I assume there are really two questions here:
Why does the compiler not pack four bytes into a single Int32
Local variables are not typically optimized for storage, but for speed of access. As the speed of access to a single unaligned byte is sometimes not possible in a single instruction and, until recently (2009), is an order of magnitude slower than aligned address, compiler authors typically use aligned widths as a reasonable tradeoff.
Beyond that, the .Net Framework is spec'd not for x86 but for the Common Language Infrastructure virtual machine. The CLI spec must support the lowest common denominator and IA64 and ARM do not support non QWORD aligned memory access. To that end, the CLI stack "can only store values that are a minimum of 4 bytes wide" (P.330).
Why did they do this? I would imagine the potential or real performance gains outweigh the increase in memory usage. Given the additional limitation of 64 functional locals in any given scope, there should be a strong desire (beyond good design) to keep the number of variables in a given scope small. The net overhead is therefore limited to 192 bytes, which equates to an additional 0.0000002% of memory used in my system.

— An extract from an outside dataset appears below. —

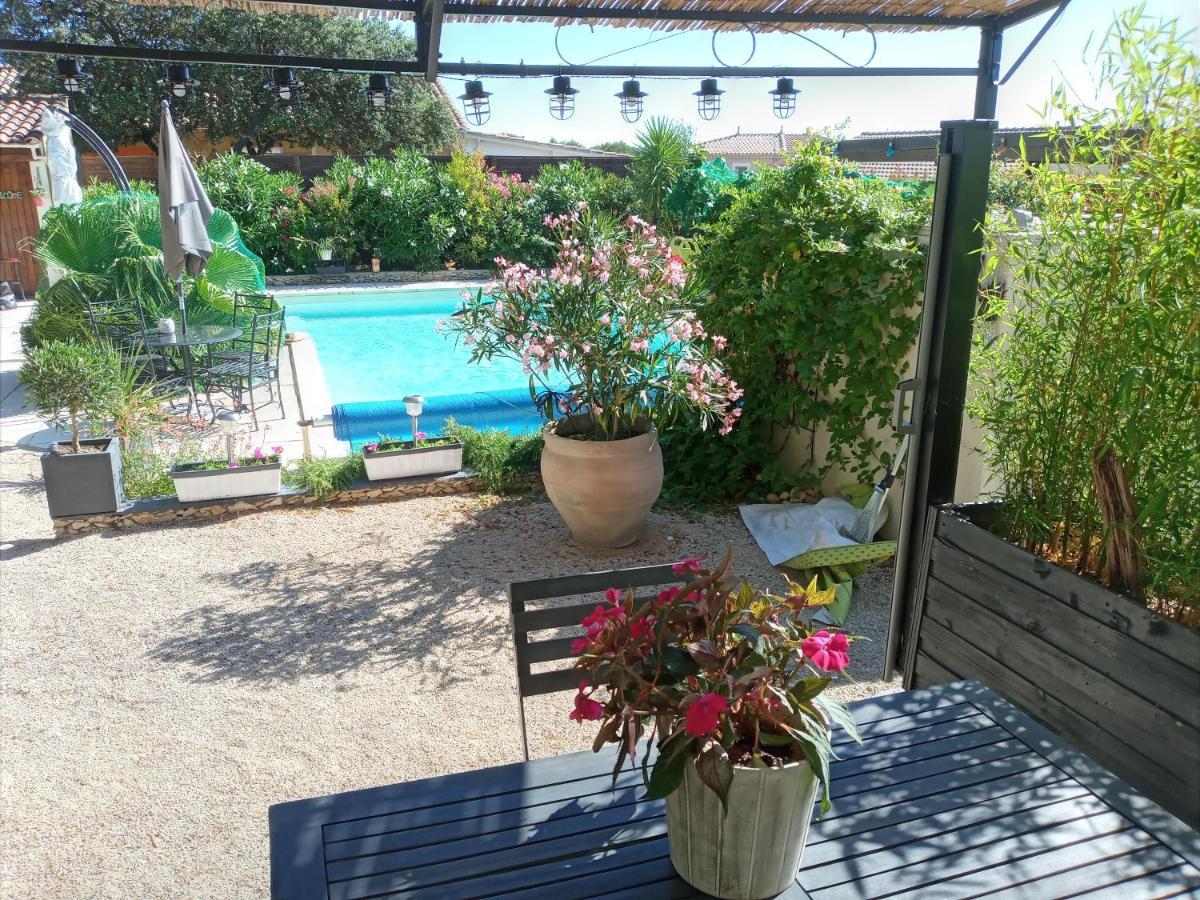 Les Coronilles Bed and Breakfast Beaucaire  Exteriör bild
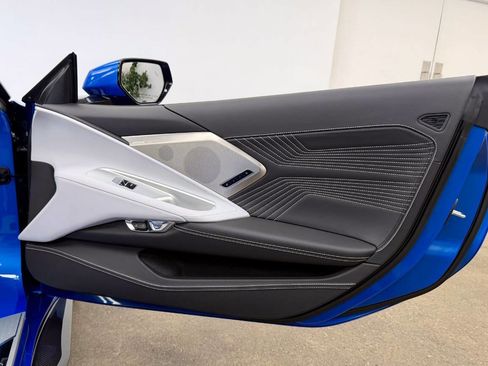 Used 2026 Chevrolet Corvette ZR1 w/ ZR1 Carbon Fiber Aero Package image 76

Keep in mind, if you are accessing an array of bytes, you are really storing a single pointer - which is the width of a memory address (4 or 8 bytes) and accessing memory directly. You are managing the semantics of which byte is which and take on that complexity.
How can I store things in a compact form to minimize memory usage
As you point out, if your data is a large number of bytes, use a byte array to avoid overhead. If your data is of varying types, use one of the many classes which allow for access of packed data (BinaryReader, BinaryWriter, BitConverter, unsafe code, structs with the StructLayout.Pack field set all come to mind).
If you have a ridiculous amount of data, use Memory Mapped Files with fixed layout structs to minimize memory use while still allowing for datasets larger than the amount of memory in the machine. Is it harder than normal memory access? Yes, yes it is - but optimization is a balancing act of managing memory usage, speed, and programmer labor. The cheapest one is typically memory.
Or, spend a couple hundred bucks and get enough ram that it doesn't matter. 32 GB ($240 USD on newegg) allows for quite a bit of not-caring for most situations.